■ EXERCISE AIM ■
Only the lines from the one containing "Image for Laugh-Out-Loud" through the one containing "[upl. by Shelli]" should be printed, exactly as they appear below, with both ends included.

THE DATA Start Marker

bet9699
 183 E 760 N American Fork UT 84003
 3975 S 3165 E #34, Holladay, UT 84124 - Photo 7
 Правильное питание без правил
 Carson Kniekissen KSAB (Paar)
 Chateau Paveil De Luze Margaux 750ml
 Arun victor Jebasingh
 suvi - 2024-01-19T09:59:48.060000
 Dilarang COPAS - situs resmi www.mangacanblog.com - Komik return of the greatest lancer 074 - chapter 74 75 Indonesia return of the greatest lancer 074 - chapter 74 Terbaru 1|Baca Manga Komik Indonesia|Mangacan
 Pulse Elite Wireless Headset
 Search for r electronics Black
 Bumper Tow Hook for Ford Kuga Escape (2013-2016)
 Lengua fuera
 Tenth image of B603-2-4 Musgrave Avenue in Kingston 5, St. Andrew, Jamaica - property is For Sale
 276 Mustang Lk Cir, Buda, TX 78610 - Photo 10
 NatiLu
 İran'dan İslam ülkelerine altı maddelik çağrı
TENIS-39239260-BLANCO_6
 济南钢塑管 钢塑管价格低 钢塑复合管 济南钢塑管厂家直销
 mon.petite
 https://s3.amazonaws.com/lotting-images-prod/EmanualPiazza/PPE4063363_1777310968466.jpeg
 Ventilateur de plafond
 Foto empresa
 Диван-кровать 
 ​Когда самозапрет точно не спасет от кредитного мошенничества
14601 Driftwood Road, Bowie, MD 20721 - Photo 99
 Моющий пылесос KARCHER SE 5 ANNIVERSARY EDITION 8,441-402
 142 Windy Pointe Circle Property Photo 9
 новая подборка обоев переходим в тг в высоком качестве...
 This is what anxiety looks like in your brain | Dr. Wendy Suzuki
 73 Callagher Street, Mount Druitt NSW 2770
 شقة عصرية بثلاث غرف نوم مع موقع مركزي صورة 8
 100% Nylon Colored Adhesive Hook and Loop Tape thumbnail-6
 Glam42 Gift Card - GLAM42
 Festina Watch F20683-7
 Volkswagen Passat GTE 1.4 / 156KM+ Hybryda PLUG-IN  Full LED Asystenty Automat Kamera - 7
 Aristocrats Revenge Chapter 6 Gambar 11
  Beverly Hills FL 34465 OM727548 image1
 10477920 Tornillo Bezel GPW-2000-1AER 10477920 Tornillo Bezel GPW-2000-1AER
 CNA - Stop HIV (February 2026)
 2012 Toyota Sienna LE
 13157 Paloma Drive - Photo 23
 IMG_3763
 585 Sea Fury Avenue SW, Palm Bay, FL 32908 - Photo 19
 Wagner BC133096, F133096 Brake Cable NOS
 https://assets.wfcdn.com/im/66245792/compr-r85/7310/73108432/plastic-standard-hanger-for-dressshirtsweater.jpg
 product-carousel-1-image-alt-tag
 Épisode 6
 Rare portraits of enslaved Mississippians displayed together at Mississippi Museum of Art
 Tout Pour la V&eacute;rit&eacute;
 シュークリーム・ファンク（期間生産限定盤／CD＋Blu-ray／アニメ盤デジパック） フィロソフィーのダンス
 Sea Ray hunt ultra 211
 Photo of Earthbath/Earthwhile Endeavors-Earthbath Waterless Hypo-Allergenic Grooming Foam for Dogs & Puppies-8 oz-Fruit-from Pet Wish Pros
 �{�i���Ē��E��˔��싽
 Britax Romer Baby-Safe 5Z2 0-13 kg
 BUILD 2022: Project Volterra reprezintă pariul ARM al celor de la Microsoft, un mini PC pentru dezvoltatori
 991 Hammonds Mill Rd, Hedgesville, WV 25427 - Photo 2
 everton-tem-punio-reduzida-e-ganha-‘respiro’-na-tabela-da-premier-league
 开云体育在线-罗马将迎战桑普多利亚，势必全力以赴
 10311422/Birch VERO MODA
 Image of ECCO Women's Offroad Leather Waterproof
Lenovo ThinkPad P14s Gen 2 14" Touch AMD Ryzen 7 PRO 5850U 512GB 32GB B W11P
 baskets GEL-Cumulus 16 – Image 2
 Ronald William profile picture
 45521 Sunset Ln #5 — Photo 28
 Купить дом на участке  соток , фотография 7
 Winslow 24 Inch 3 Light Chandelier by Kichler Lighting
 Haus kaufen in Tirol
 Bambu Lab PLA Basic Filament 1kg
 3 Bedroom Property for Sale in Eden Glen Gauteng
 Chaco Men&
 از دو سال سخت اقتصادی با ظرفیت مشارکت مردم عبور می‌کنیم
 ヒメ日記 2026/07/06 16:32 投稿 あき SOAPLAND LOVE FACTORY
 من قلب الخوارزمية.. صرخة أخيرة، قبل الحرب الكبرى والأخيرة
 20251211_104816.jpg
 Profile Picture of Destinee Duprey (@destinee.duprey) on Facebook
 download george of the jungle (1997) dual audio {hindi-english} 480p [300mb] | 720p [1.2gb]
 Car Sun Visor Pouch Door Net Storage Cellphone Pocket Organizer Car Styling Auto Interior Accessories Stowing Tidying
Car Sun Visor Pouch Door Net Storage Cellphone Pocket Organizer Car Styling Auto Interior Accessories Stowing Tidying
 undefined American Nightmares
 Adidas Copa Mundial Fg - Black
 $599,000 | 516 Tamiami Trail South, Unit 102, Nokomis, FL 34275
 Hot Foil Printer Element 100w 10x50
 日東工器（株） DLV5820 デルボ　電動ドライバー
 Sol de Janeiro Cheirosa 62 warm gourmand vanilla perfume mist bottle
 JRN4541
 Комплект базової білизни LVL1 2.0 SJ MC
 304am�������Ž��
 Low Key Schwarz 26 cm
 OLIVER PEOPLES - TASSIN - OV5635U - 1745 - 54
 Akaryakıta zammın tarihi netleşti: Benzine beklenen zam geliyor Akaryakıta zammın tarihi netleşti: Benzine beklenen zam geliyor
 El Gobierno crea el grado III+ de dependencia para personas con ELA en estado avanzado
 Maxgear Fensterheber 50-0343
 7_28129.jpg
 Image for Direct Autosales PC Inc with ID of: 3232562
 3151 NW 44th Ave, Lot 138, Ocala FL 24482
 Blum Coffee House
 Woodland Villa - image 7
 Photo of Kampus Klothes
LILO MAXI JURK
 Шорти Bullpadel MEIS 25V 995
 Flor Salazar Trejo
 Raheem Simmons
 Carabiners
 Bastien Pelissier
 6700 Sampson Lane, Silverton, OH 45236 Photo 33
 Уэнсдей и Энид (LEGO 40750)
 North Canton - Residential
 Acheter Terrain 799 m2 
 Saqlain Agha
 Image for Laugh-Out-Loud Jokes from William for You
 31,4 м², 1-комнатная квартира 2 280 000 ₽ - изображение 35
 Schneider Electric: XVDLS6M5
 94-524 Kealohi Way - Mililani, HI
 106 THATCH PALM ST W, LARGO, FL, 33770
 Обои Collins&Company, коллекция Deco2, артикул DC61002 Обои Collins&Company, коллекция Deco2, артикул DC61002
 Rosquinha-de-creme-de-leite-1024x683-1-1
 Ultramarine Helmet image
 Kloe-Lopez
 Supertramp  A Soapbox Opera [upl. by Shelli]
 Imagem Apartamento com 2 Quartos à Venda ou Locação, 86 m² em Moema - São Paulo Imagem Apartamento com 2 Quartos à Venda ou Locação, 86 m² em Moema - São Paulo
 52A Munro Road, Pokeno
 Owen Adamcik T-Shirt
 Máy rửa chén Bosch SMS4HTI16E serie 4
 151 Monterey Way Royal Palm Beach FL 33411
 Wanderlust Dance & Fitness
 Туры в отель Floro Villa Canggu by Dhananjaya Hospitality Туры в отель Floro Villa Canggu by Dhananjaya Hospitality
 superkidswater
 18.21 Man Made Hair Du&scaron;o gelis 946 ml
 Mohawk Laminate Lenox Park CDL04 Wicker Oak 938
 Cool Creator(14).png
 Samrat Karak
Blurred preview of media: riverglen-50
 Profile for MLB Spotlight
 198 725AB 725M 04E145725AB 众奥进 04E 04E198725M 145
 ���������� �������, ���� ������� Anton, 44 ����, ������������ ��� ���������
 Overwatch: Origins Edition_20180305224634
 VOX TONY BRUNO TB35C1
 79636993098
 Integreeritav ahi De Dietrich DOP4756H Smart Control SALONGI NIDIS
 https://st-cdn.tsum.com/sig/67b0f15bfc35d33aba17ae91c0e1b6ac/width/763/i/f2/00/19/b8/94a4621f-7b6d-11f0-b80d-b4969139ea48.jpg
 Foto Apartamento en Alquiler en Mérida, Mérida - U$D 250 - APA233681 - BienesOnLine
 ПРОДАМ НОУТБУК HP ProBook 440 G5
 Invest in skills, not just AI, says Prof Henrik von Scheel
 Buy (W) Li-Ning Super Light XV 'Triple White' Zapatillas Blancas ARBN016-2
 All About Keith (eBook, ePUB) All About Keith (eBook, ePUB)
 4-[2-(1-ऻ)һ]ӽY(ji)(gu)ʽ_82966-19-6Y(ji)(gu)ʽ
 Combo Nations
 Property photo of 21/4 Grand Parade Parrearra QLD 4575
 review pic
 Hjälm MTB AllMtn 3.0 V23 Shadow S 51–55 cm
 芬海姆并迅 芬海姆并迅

THE DATA End Marker

■ ANSWER TO THE PROBLEM ■
 Image for Laugh-Out-Loud Jokes from William for You
 31,4 м², 1-комнатная квартира 2 280 000 ₽ - изображение 35
 Schneider Electric: XVDLS6M5
 94-524 Kealohi Way - Mililani, HI
 106 THATCH PALM ST W, LARGO, FL, 33770
 Обои Collins&Company, коллекция Deco2, артикул DC61002 Обои Collins&Company, коллекция Deco2, артикул DC61002
 Rosquinha-de-creme-de-leite-1024x683-1-1
 Ultramarine Helmet image
 Kloe-Lopez
 Supertramp  A Soapbox Opera [upl. by Shelli]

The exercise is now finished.